Sorted Containers

Three sorted containers are provided: SortedDict, SortedMultiDict and SortedSet. SortedDict is similar to the built-in Julia type Dict with the additional feature that the keys are stored in sorted order and can be efficiently iterated in this order. SortedDict is a subtype of Associative. It is generally slower than Dict because looking up a key requires an O(log n) tree search rather than an expected O(1) hash-table lookup time as with Dict. SortedDict is a parametrized type with three parameters, the key type K, the value type V, and the ordering type O. SortedSet has only keys; it is an alternative to the built-in Set container. Internally, SortedSet is implemented as a SortedDict in which the value type is Void. Finally, SortedMultiDict is similar to SortedDict except that each key can be associated with multiple values. The key=>value pairs in a SortedMultiDict are stored according to the sorted order for keys, and key=>value pairs with the same key are stored in order of insertion.

The containers internally use a 2-3 tree, which is a kind of balanced tree and is described in many elementary data structure textbooks.

The containers require two functions to compare keys: a less-than and equals function. With the default ordering argument, the comparison functions are isless(key1,key2) (true when key1 < key2) and isequal(key1,key2) (true when key1 == key2) where key1 and key2 are keys. More details are provided below.

Tokens for Sorted Containers

The sorted container objects use a special type for indexing called a token defined as a two-entry tuple and aliased as SDToken, SMDToken, and SetToken for SortedDict, SortedMultiDict and SortedSet respectively. A token is the address of a single data item in the container and can be dereferenced in time O(1).

The first entry of a Token tuple is the container as a whole, and the second refers to the particular item. The second part is called a semitoken. The types for a semitoken are SDSemiToken, SMDSemiToken, and SetSemiToken for the three types of containers SortedDict, SortedMultiDict and SortedSet. These types are all aliases of IntSemiToken.

A restriction for the sorted containers is that IntSemiToken or its aliases cannot used as the key-type. This is because ambiguity would result between the two subscripting calls sc[k] and sc[st] described below. In the rare scenario that a sorted container whose key-type is IntSemiToken is required, a workaround is to wrap the key inside another immutable structure.

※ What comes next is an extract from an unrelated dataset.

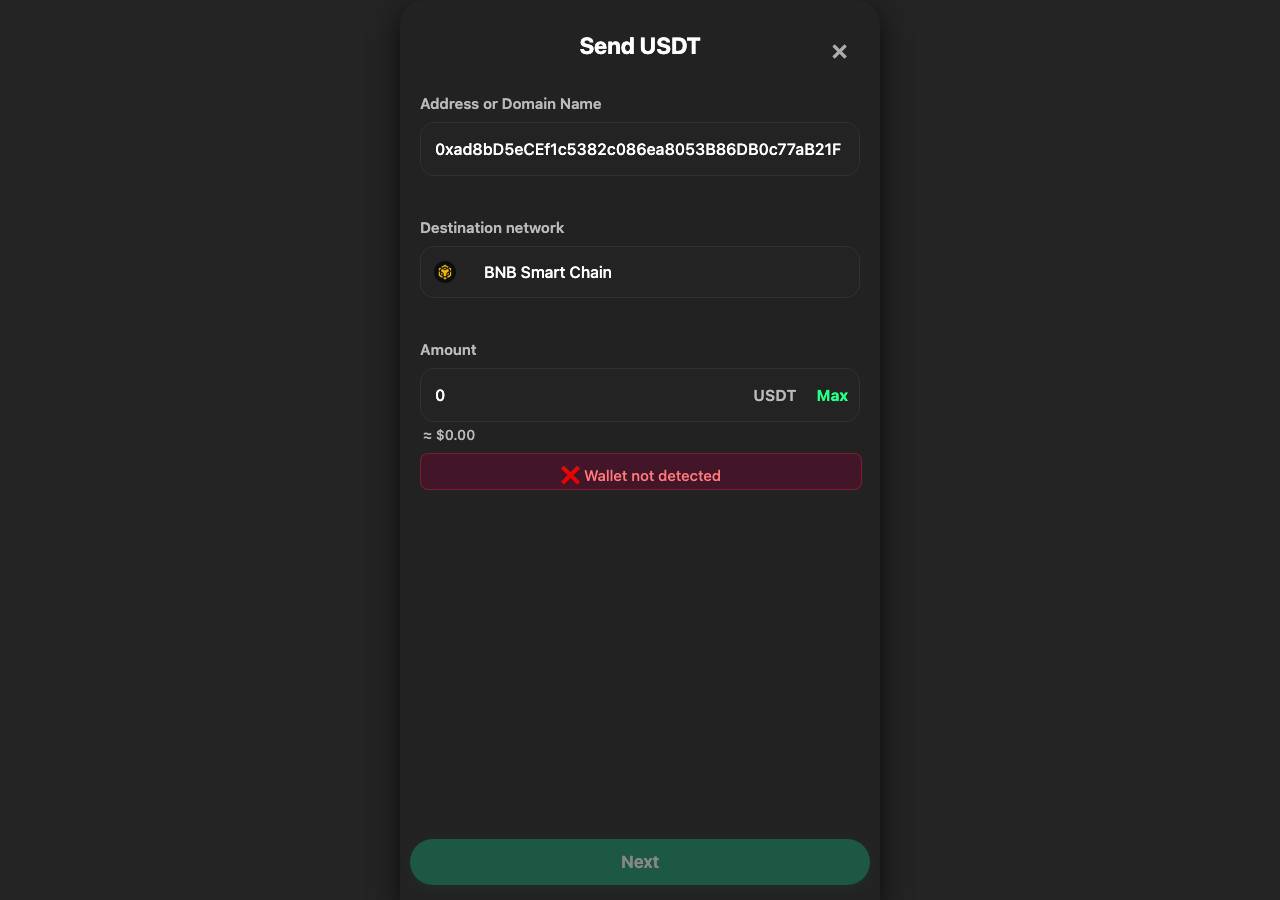 Screenshot of trustwallets.shop taken by the zone census on 2026-10-13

In the current version of Julia, it is costly to operate on tuples whose entries are not bits-types because such tuples are allocated on the heap. For example, the first entry of a token is a pointer to a container (a non-bits type), so a new token is allocated on the heap rather than the stack. In order to avoid performance loss, the package uses tokens less frequently than semitokens. For a function taking a token as an argument like deref described below, if it is invoked by explicitly naming the token like this:

tok = (sc,st)   # sc is a sorted container, st is a semitoken
k,v = deref(tok)

then there may be a loss of performance compared to:

k,v = deref((sc,st))

because the former needs an extra heap allocation step for tok.

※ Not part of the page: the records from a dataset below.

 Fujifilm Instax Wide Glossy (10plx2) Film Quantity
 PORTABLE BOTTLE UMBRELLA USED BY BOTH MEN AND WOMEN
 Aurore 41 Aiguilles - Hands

The notion of token is similar to the concept of iterators used by C++ standard containers. Tokens can be explicitly advanced or regressed through the data in the sorted order; they are implicitly advanced or regressed via iteration loops defined below.

A token may take two special values: the before-start value and the past-end value. These values act as lower and upper bounds on the actual data. The before-start token can be advanced, while the past-end token can be regressed. A dereferencing operation on either leads to an error.

In the current implementation, semitokens are internally stored as integers. However, for the purpose of future compatibility, the user should not extract this internal representation; these integers do not have a documented interpretation in terms of the container.

Constructors for Sorted Containers

`SortedDict` constructors

DataStructures.SortedDict — Method.

SortedDict(o=Forward)

Construct an empty SortedDict with key type K and value type V. If K and V are not specified, the dictionary defaults to a SortedDict{Any,Any}. Keys and values are converted to the given type upon insertion. Ordering o defaults to Forward ordering.

Note that a key type of Any or any other abstract type will lead to slow performance, as the values are stored boxed (i.e., as pointers), and insertion will require a run-time lookup of the appropriate comparison function. It is recommended to always specify a concrete key type, or to use one of the constructors below in which the key type is inferred.